SOLID GOLD BERJANGKA – Suara sumbang mengiringi kelahiran Galaxy Note saat pertama kali diluncurkan pada 2011 lalu. Galaxy Note tampil ekstrim dari segi ukuran layar jika dibandingkan dengan kebanyakan ponsel saat itu.

“Ponsel kok gede banget sih, siapa juga yang mau nulis pakai ponsel. Dulu yang mencibir dan ngetawainbanyak. Tapi kenapa kita pede merilis Note, karena Samsung percaya ada kebutuhan untuk perangkat itu.Bigger screen dan yang bisa mengurangi beberapa step saat melakukan beberapa pekerjaan dengan stylus,” kata Marketing Director IM Bussines Samsung Indonesia Vebbyna Kaunang, usai peluncuran Galaxy Note 7 di New York, Amerika Serikat pekan lalu.

Dikatakan Vebbyna, di setiap serinya, Galaxy Note selalu mengalami peningkatan. Samsung juga senantiasa mencari tahu kebutuhan pengguna. Untuk Galaxy Note 7 yang baru dirilis, perusahaan asal Korea Selatan ini berupaya memenuhi kebutuhan pengguna yang menginginkan satu perangkat untuk kebutuhan profesional dan personal sekaligus.

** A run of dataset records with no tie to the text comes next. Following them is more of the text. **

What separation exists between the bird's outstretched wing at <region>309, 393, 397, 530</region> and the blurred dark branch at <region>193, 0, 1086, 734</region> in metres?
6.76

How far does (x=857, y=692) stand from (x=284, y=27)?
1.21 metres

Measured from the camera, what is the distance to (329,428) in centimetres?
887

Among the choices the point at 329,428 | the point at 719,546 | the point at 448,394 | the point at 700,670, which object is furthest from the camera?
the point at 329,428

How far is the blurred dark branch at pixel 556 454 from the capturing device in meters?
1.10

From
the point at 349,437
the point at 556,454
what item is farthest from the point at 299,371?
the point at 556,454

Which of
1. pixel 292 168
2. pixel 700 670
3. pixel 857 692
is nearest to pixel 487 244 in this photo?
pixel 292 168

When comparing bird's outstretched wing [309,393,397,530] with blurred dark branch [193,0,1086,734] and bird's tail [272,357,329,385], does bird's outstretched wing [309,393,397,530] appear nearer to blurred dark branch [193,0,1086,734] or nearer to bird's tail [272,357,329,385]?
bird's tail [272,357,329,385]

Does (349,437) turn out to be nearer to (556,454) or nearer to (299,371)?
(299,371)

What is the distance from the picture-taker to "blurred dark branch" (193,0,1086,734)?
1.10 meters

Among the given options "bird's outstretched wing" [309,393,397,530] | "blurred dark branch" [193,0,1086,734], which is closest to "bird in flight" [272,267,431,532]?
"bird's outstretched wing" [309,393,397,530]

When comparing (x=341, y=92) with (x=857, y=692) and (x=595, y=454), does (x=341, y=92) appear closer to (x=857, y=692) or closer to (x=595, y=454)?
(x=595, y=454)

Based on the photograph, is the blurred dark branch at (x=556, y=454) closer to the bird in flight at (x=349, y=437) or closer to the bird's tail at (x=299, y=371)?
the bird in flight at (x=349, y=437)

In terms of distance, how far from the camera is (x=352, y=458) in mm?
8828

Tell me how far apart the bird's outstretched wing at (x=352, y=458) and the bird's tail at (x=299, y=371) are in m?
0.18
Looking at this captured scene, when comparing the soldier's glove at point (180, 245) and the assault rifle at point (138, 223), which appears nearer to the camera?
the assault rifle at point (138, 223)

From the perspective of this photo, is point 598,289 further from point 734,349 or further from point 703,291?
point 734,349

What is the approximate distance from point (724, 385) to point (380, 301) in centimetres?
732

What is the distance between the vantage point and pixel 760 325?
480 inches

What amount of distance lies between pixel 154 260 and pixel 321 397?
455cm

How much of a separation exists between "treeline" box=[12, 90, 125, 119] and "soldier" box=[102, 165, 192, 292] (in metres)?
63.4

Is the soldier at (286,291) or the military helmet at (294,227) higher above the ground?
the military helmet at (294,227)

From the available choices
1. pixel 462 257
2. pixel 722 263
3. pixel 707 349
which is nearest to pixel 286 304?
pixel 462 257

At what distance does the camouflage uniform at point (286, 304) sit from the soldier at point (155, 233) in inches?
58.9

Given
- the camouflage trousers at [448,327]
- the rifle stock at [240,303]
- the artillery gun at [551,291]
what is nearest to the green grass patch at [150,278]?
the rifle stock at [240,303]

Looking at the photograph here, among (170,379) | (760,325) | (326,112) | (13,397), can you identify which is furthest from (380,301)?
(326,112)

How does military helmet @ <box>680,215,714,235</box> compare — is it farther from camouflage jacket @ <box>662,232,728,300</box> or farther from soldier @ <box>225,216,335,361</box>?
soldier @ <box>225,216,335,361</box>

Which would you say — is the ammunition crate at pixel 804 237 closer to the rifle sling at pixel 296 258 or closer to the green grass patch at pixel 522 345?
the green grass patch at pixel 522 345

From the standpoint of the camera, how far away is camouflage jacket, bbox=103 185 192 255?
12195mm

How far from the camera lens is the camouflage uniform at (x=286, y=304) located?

Break the option, makanya itu jadi tagline kita di Galaxy Note 7 ini. Milih itu gak gampang. Jadi gak usah milih, dua-duanya bisa bareng-bareng. Orang-orang yang memaksimalkan perangkat mereka untuk semua kebutuhan, itu adalah target market kita,” sebutnya.

Vebbyna mengatakan, rata-rata pengguna Galaxy Note akan susah pindah ke lain perangkat karena tak rela kehilangan ‘sihir’ S Pen yang sudah sangat melekat. Sebagai fitur ikonik di seri perangkat Galaxy Note, keberadaan stylus S Pen memang sangat penting. Di Galaxy Note 7, Samsung bekerja keras membuat S Pen jauh lebih baik, dari segi desain maupun kemampuannya.

“S Pen tidak dimiliki device lain dan kita selalu melakukan pengembangan. Fungsinya gak hanya buat nulis dan gambar. Sekarang kita next step lagi,” ujarnya.

Selain lebih sensitif, desain S Pen diperbarui agar lebih nyaman digunakan, dan punya sejumlah fitur tambahan yang memperkaya pengalaman pengguna. S Pen di Galaxy Note 7 bisa berfungsi sebagai alat penerjemah dengan fitur Translate, memperbesar tampilan dengan ‘kaca pembesar’ Magnify dan Glance untuk memudahkan pengguna saat harus membuka beberapa aplikasi, dan berganti-ganti di antara satu dengan lainnya.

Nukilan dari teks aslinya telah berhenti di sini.